Aim of the task
Your output should be the lines below from the one with "Mini-golf des Clots" through the one with "Can Bus Handlebar", copied exactly, pictures excluded.

Records for the exercise
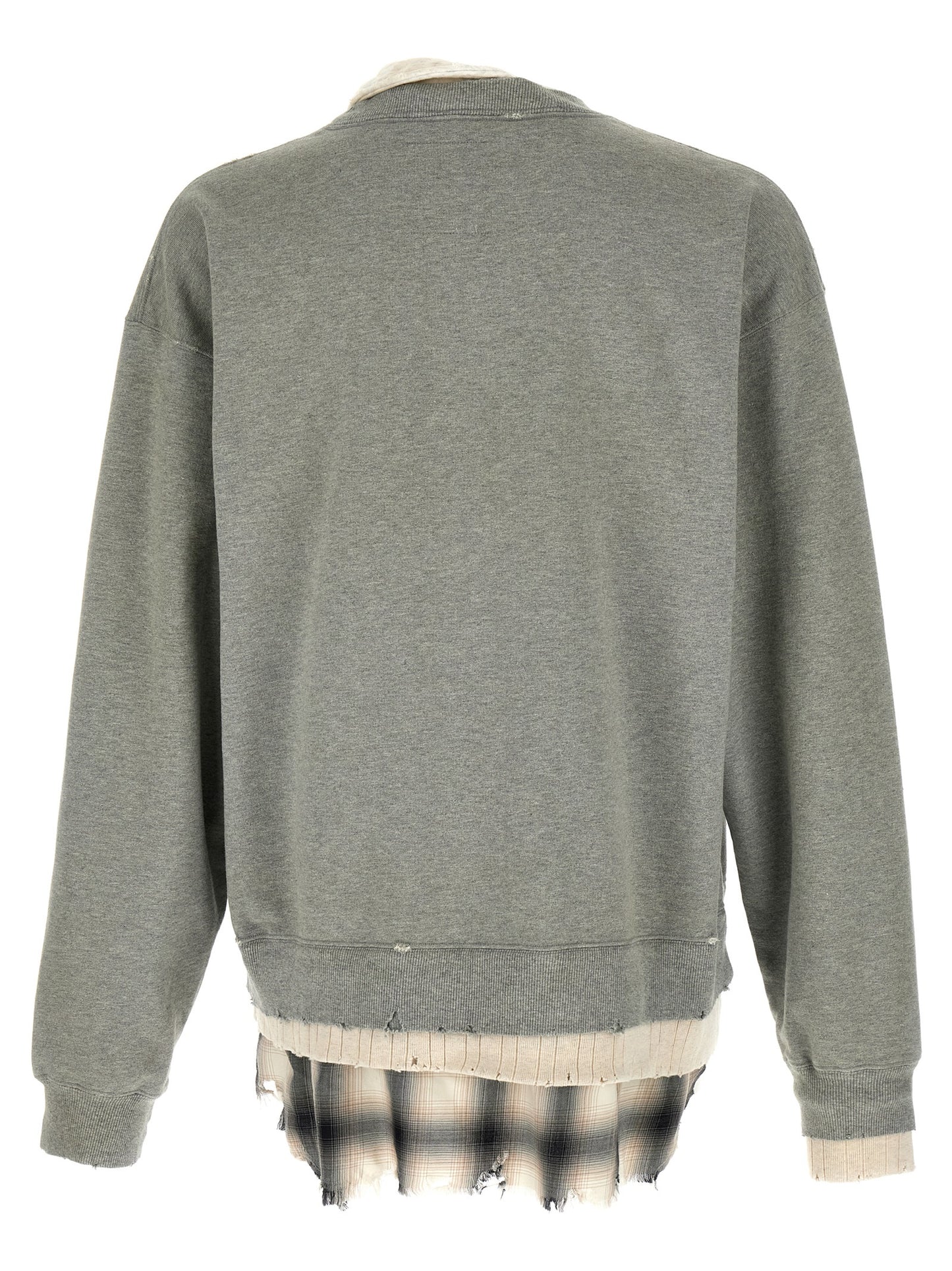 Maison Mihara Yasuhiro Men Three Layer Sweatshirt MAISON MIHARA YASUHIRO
...
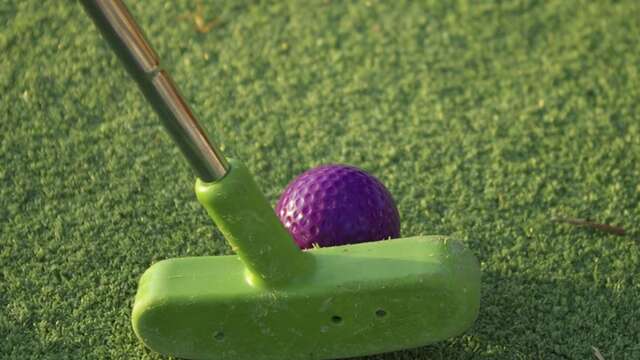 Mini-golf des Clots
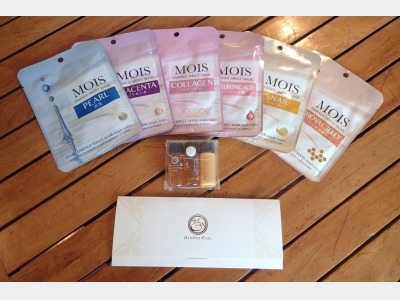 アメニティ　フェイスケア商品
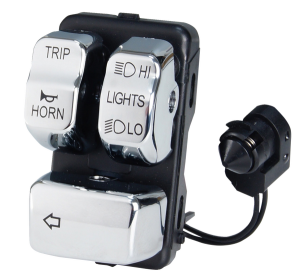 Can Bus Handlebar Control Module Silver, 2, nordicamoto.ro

Written answer
 Mini-golf des Clots
 アメニティ　フェイスケア商品
 Can Bus Handlebar Control Module Silver, 2, nordicamoto.ro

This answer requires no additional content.